Instagram has long been unequaled in transitioning social networking from textual to pictorial in the modern day. Instagram’s rapid climb to fame in less than a decade is directly related to the structuring of mission and vision statements.
Today, however, even as the company dines with the largest social media firms and its platform attracts billions of users, it still doesn’t believe in what it started, thanks to TikTok.
Instagram is basically imitating TikTok, and the CEO is shameless about it.
Instagram’s latest update, which includes an extremely algorithmic main feed, a push for the service’s TikTok-style “reels” videos, and heavy promotion of the TikTok-style “remix” feature, has resulted in users struggling to find content from friends and family, which was once the social network’s bread and butter.
I noticed videos from individuals I don’t know and no photographs on the timeline after the update.
The update has received a lot of backlash, and the boss, Adam Mosseri is having a hard time defending this.
“We’re hearing a lot of concerns from all of you,” Adam Mosseri said in a video posted to Twitter. “I’m hearing a lot of concerns about photos, and how we’re shifting to video. We’re going to continue to support photos, but I need to be honest: more and more of Instagram is going to become video over time.

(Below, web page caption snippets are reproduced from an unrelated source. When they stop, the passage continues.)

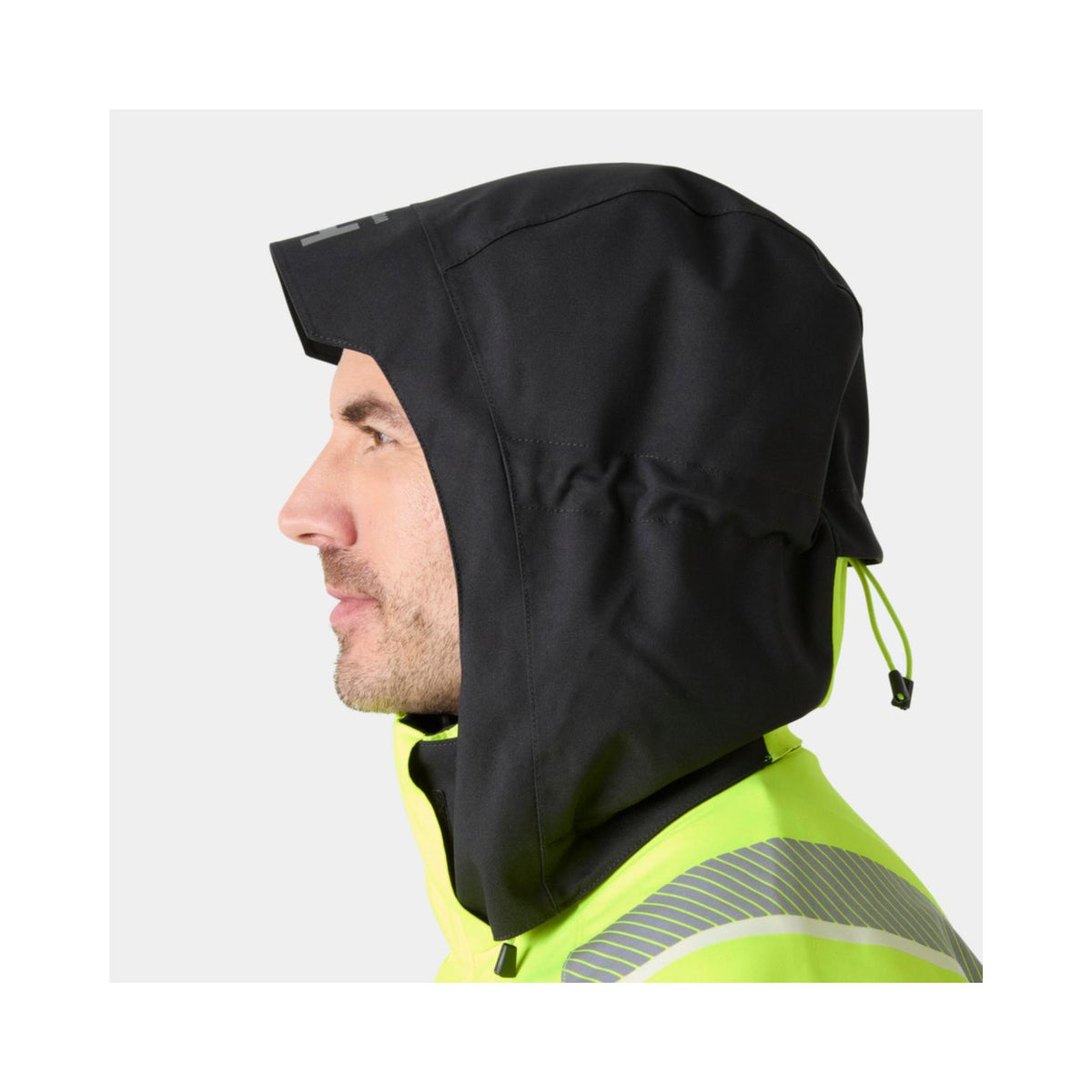 Helly Hansen ICU 2.0 vinterjakke – HiVis gul/sort, bakside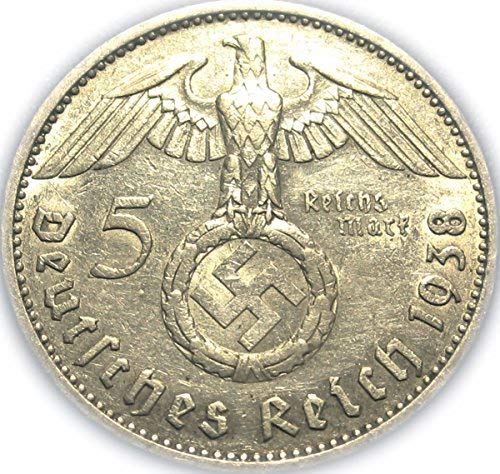 1 autêntico Historical 5 Reichsmark Silver Nazi Era Coin vem com um certificado de autenticidade divulgado pelo vendedor
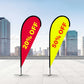 Teardrop Banner Flags Promotional Flags VividAds.com.au Small (2100mm H) Single Sided Wall Mount (OUT OF STOCK)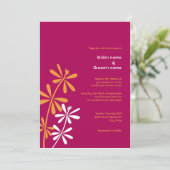 Invitations d'orange et de mariage de Fuschia (Debout devant)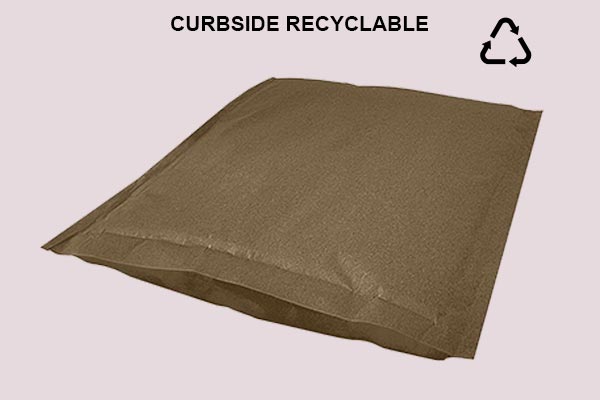 Curbside Recyclable Paper Insulated Pouch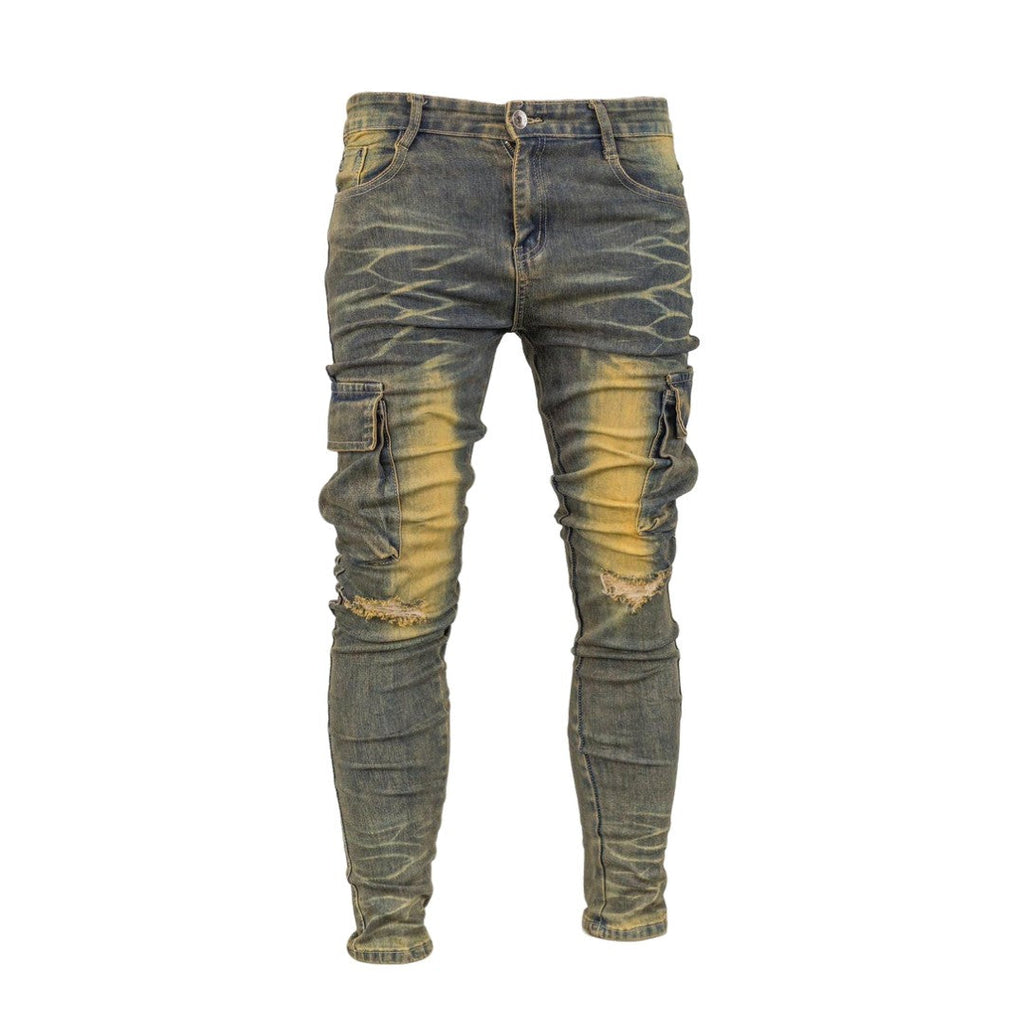 Men's Desert Washed Cargo Jeans - bamn.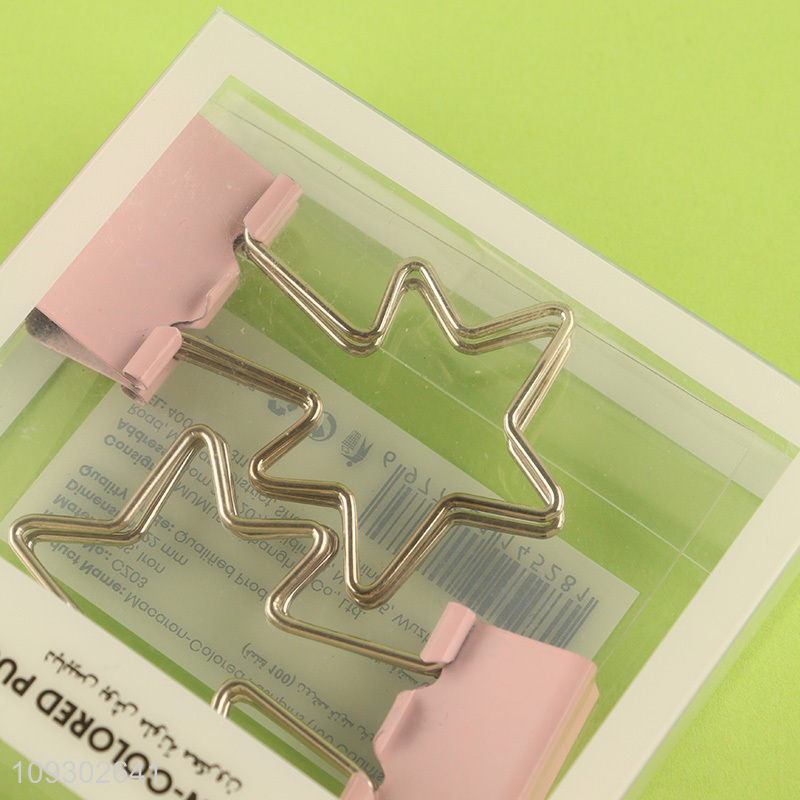 Hot selling 2pcs stationery metal clips set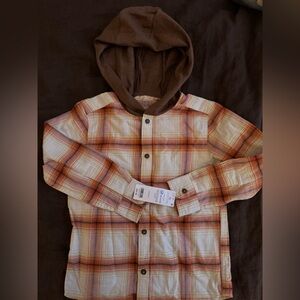 Plaid Kids Jacket with Hood Carter’s 5T Brand New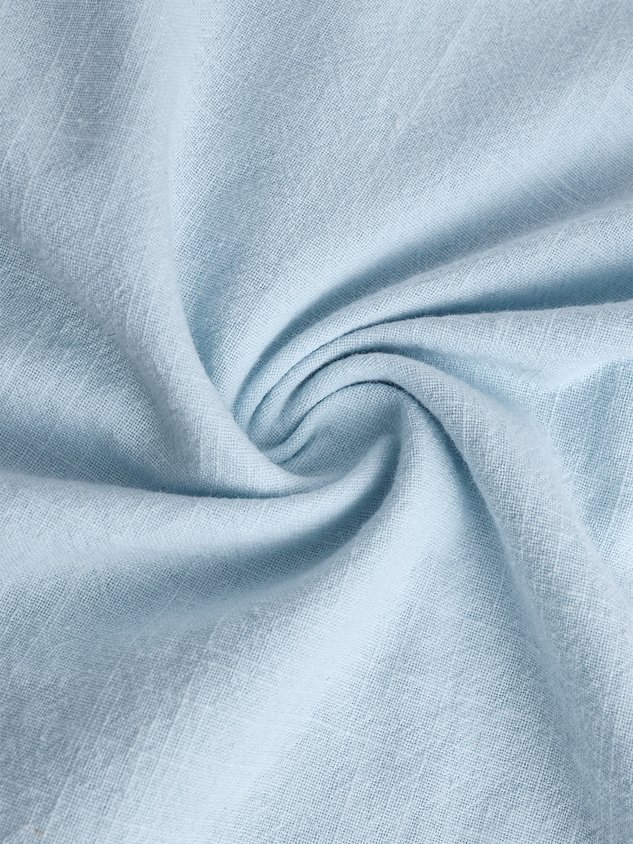 Cotton Linen Plain Color Casual Long Sleeve Shirt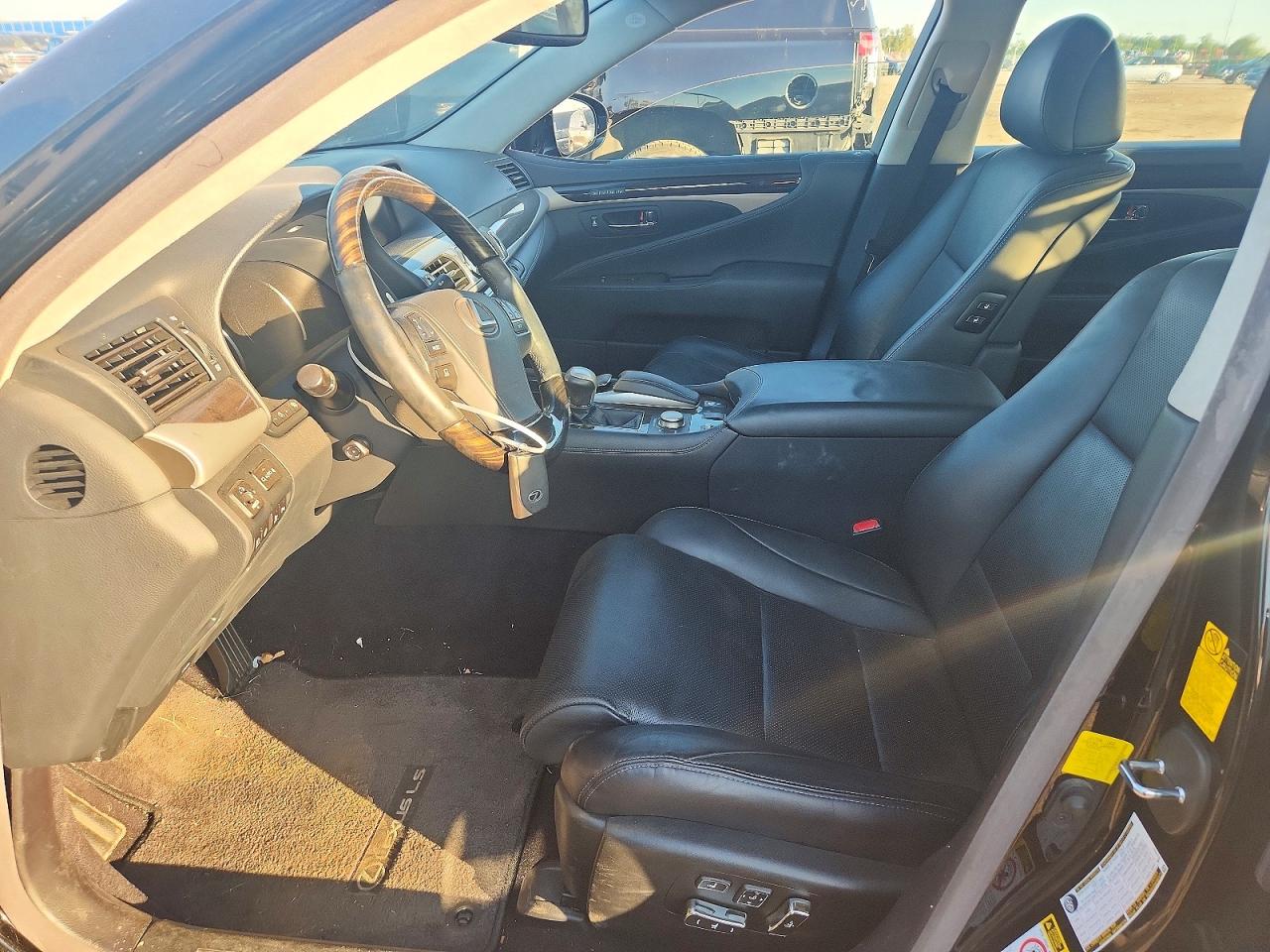 2013 Lexus Ls 460l Black vin: JTHDL5EF0D5005547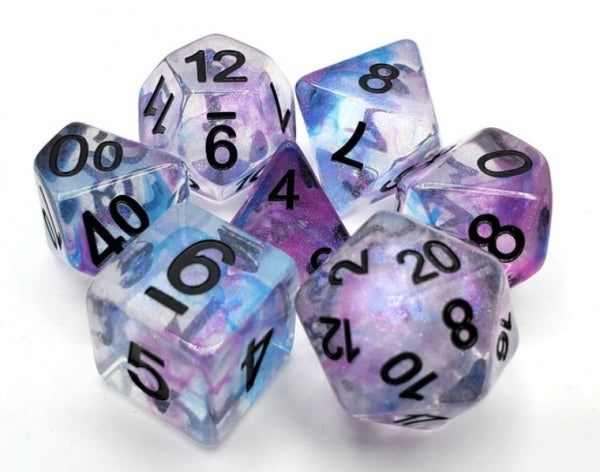 Old School 7 Piece RPG Dice Set - Luminous
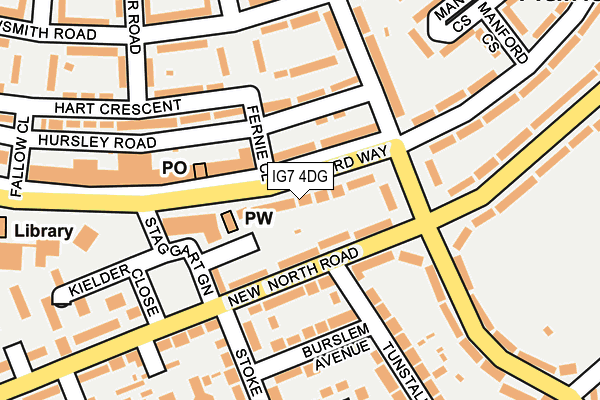 IG7 4DG map - OS OpenMap – Local (Ordnance Survey)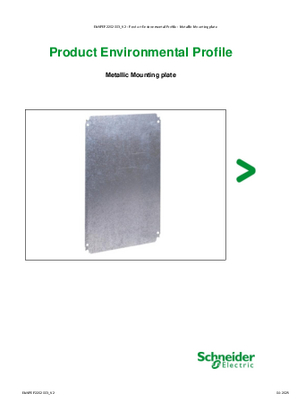 PEP-Metallic Mounting plate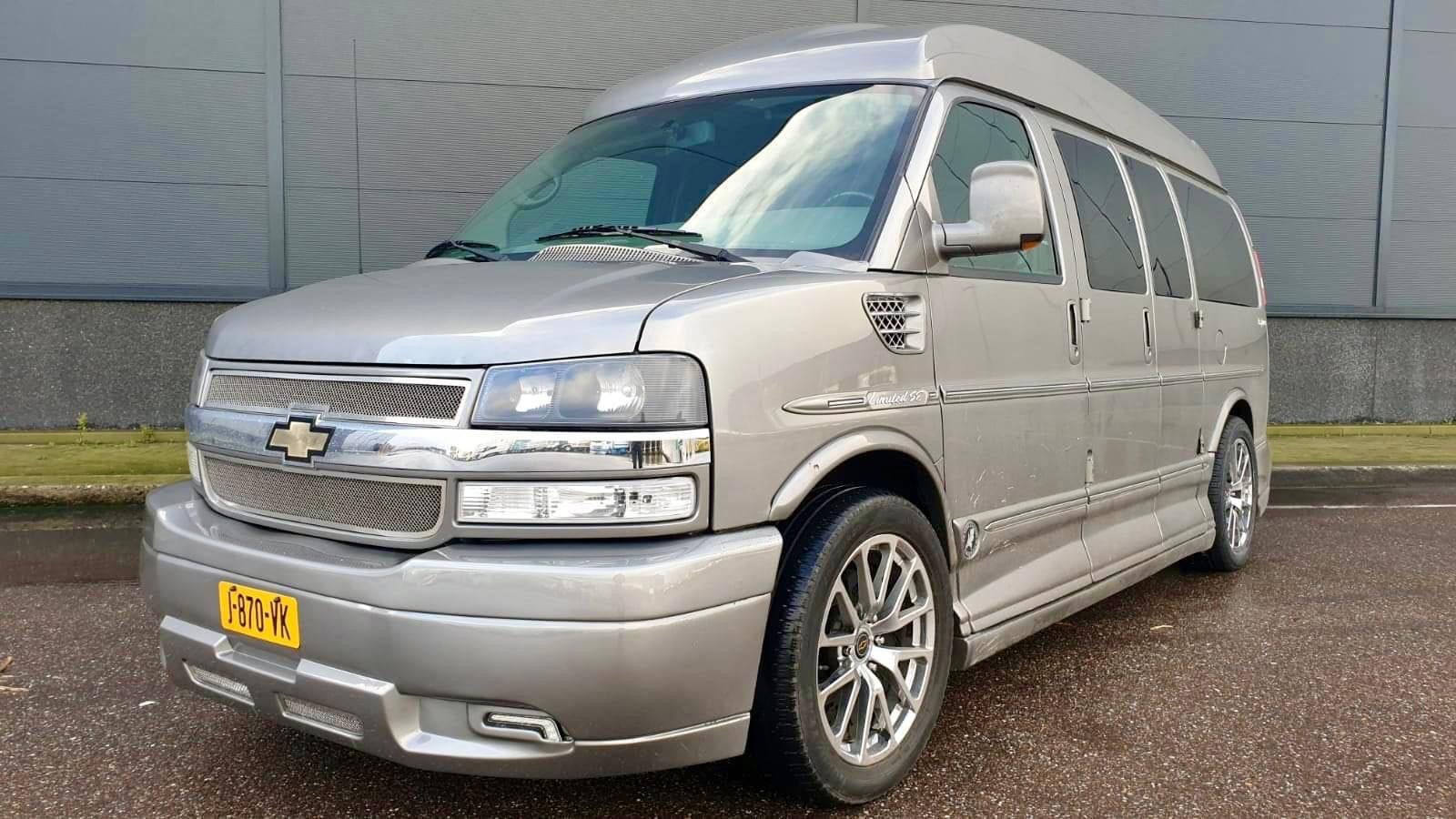 Chevrolet Express 1500 Limited SE Conversion 5.3 V8 314 hp, Auto's, Automaat, Euro 5, Achterwielaandrijving, 7 stoelen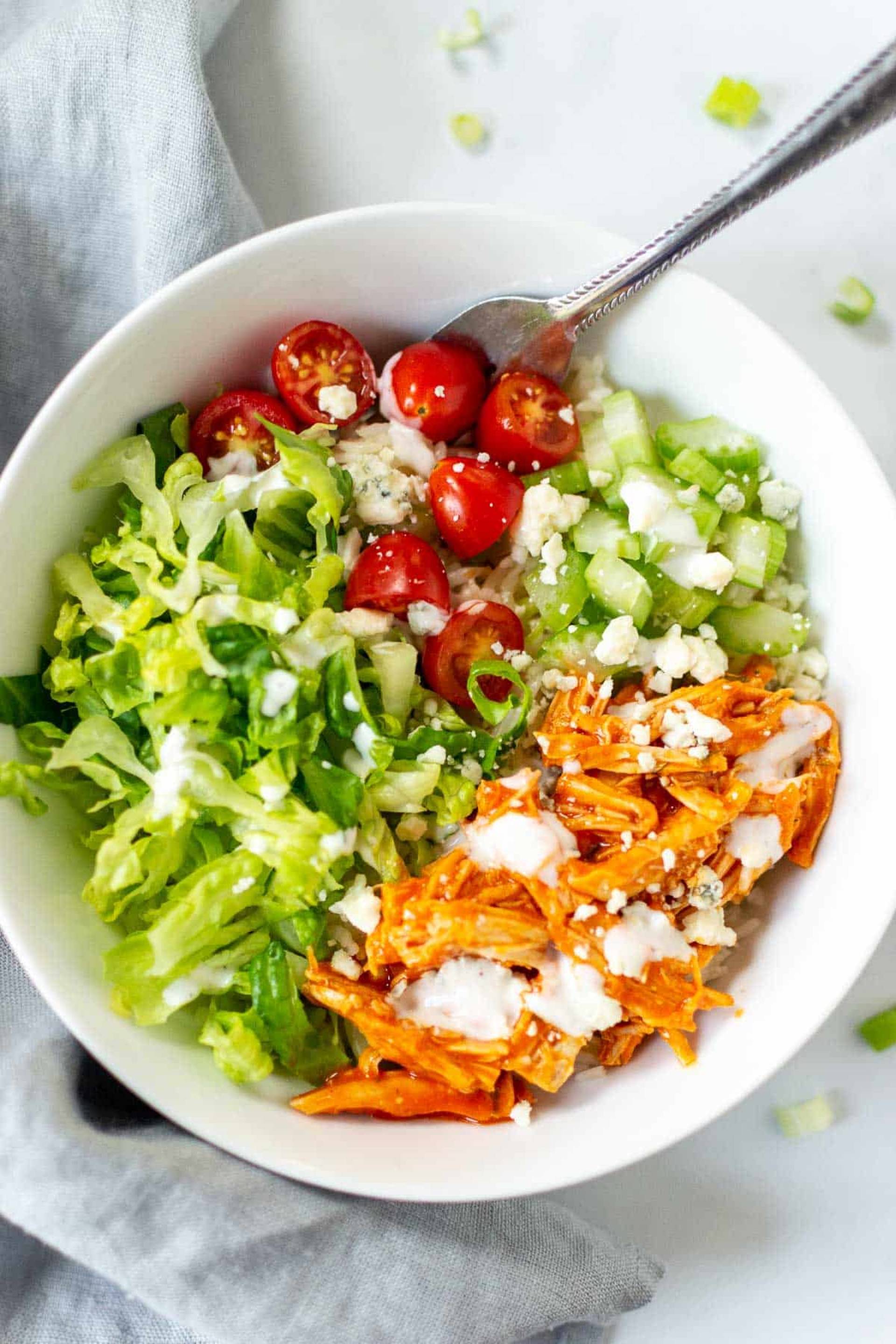 *Creamy Buffalo Chicken Bowl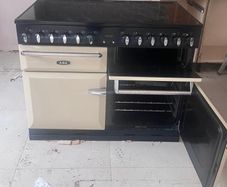 AGA Masterchef electric range cooker in cream with induction cooktop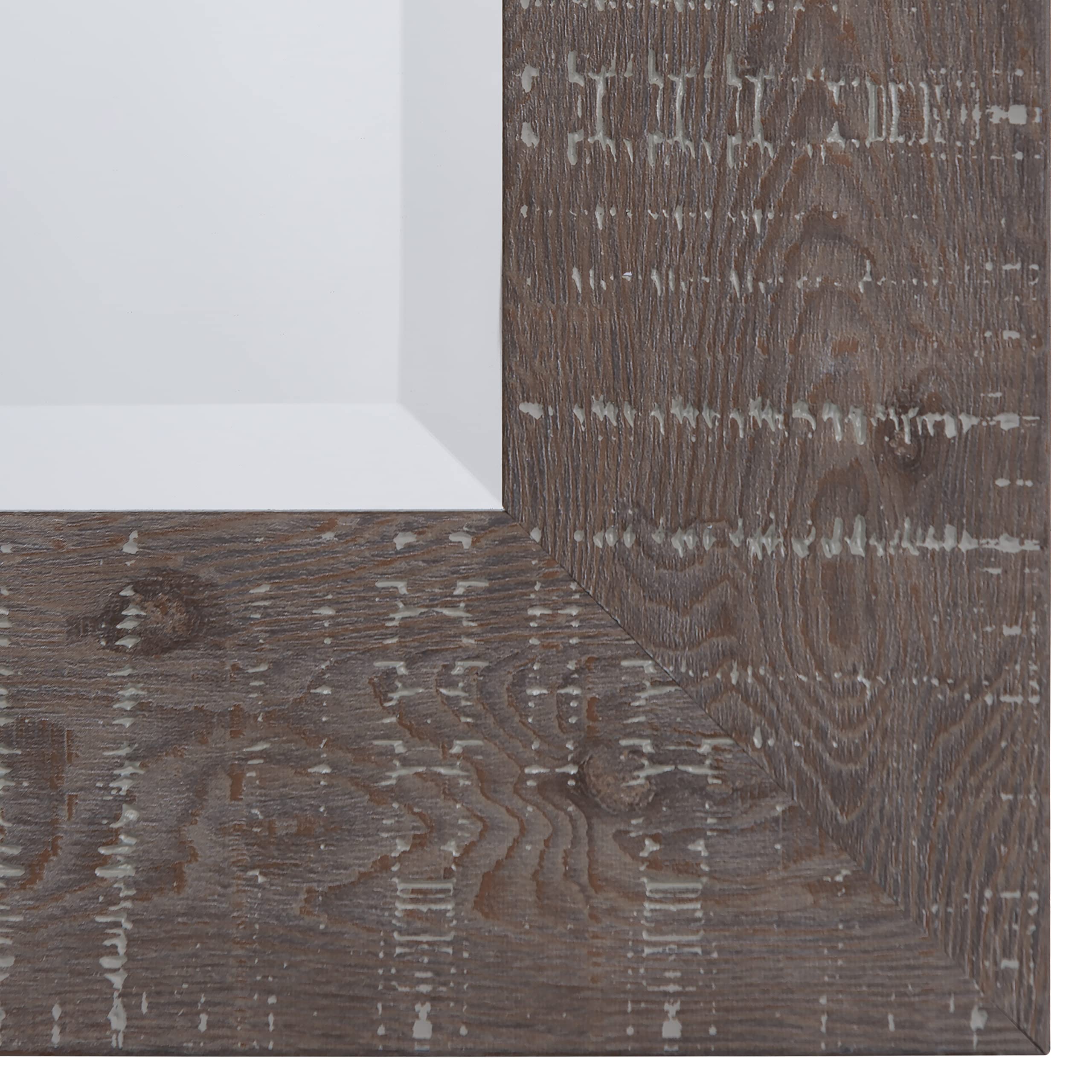 Yosemite Decorative Wall Mirror - Brown Textured Finish for Living Room, Bedroom & Entryway Decor | Yosemite Home Decor MINT006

We’re going to have to lean in to that shift while continuing to support photos.”
The Instagram CEO defended recommendations as a tool to help users discover new things, but agreed that if users were seeing items they didn’t want to view, it suggested the app was doing a lousy job ranking.
Instagram’s redesign is commonly perceived as a response to TikTok’s continuous popularity, particularly among younger users, but will it last?
I’m sure someone is working on an authentic Instagram ‘as we knew it’ clone somewhere, and the alterations the company has made will be disastrous.
Adam Mosseri confirmed that they won’t go back to photo first.
“One thing I hear a lot is people asking to see more friend content in Feed. I’d love for there to be more friend content in feed, but all the growth in photos and videos from friends has been in stories and in DMs.” he tweeted.